In Mid-August, a high administration official (possibly Rumsfeld, but who knows) told the New York Times that the White House would not go to the UN for more troops and money. Instead, the newspaper reported, Washington intended to "widen its effort to enlist other countries to assist the occupation forces in Iraq." The official, who asked to remain anonymous, said "the situation in Iraq is not that dire." Two weeks later, President Bush was asking the world organization for troops and money. What happened?

"Other countries" quickly said "no," or "no without a UN mandate." Meanwhile, the resistance struggle was becoming bolder, making Iraq virtually ungovernable. Reflecting upon this stark reality, much of the mass media and a gathering consensus within the U.S. political system was beginning to demand that the UN be asked to save the situation. The powerhouse of the establishment mass media, The New York Times, had this to say in an Aug. 24 editorial: "Without a stronger UN political presence [in Iraq] the Governing Council recently appointed by Washington risks being perceived as America's puppet."

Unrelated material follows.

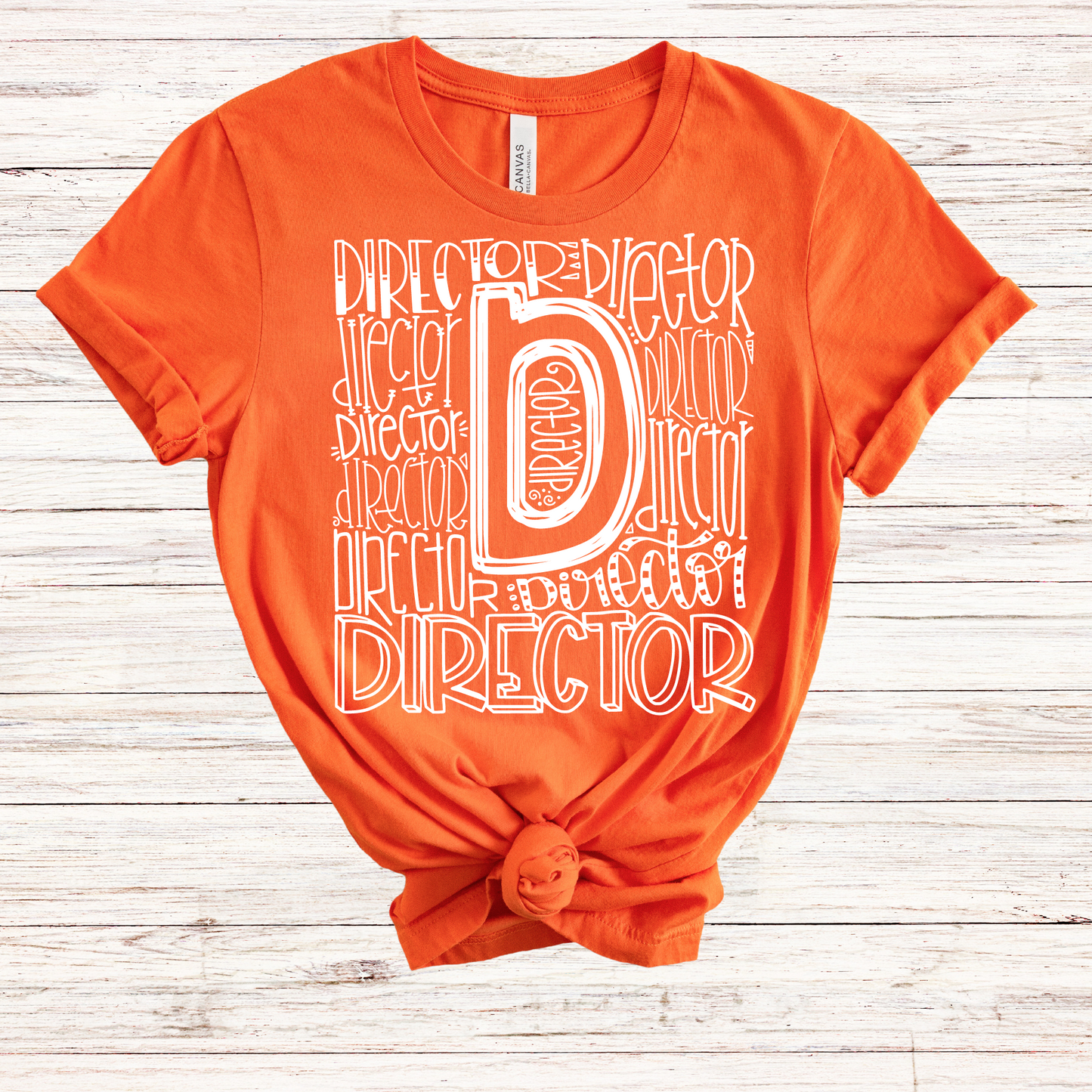 Director Typography Design Tee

Even more importantly, however, Colin Powell and his "multilateralist" devotees in the State Department had won the Joint Chiefs of Staff over to the conviction that only a UN stamp of approval was capable of retrieving Uncle Sam's chestnuts from the Iraqi fire. The Bush administration often enacts the "good cop, bad cop" routine, with multilateralist Powell invariably playing the good cop, especially when it is necessary to extract something of value for U.S. imperial interests from traditional allies. The "bad cop" is always performed by unilaterialist "Rummy," as the Defense Secretary is affectionately known by those who can tolerate him, although the vice president is occasionally pressed into service.

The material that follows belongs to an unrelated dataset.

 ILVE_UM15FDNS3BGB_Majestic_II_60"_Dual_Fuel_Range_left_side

In this case, the "good cop," understood, as did many administration's insiders, that the entire endeavor was about to go down the tubes regardless of "Rummy's" good idea about using a paid army of desperate Iraqis to do the fighting instead of more American troops. Powell had been working for months to create unity around the UN proposition between the State Department and the only entity in government service that might make the Commander in Chief sit up and take notice, the Joint Chiefs of Staff (Powell is a former chairman of this body and retains many allies in the commanding officer caste). The Chiefs, above all, knew they were running out of cannon fodder and were facing a possible military stalemate because of the actions of a poorly armed band of Iraqi irregulars, while the Coalition Provisional Authority was proving itself unable to get the lights turned on, and millions of restive but still relatively quiescent Shi'ites were deciding just when to send the Americans packing.

The Washington Post divulged Sept. 4 that the highest authority at the United Nations, who has several times come to Washington's aid in the past, played a part in Powell's game plan: "A diplomat at the UN who closely followed the evolution of the U.S. position," the newspaper reported, "said the 'spark' for this week's decision [to engage the world body] was a meeting between Powell and UN Secretary General Kofi Annan at the United Nations on Aug. 21, two days after the car-bombing of the UN headquarters in Baghdad. The diplomat said Annan made it clear in that meeting that 'the best feasible option was a multinational force under U.S. command,' a notion that Powell believed he could sell in part because of the turn of events in Iraq. The idea of a U.S.-led multinational coalition with a UN mandate was broached publicly for the first time on Aug. 26 by Deputy Secretary of State Richard Armitage," the "good cop's" close ally.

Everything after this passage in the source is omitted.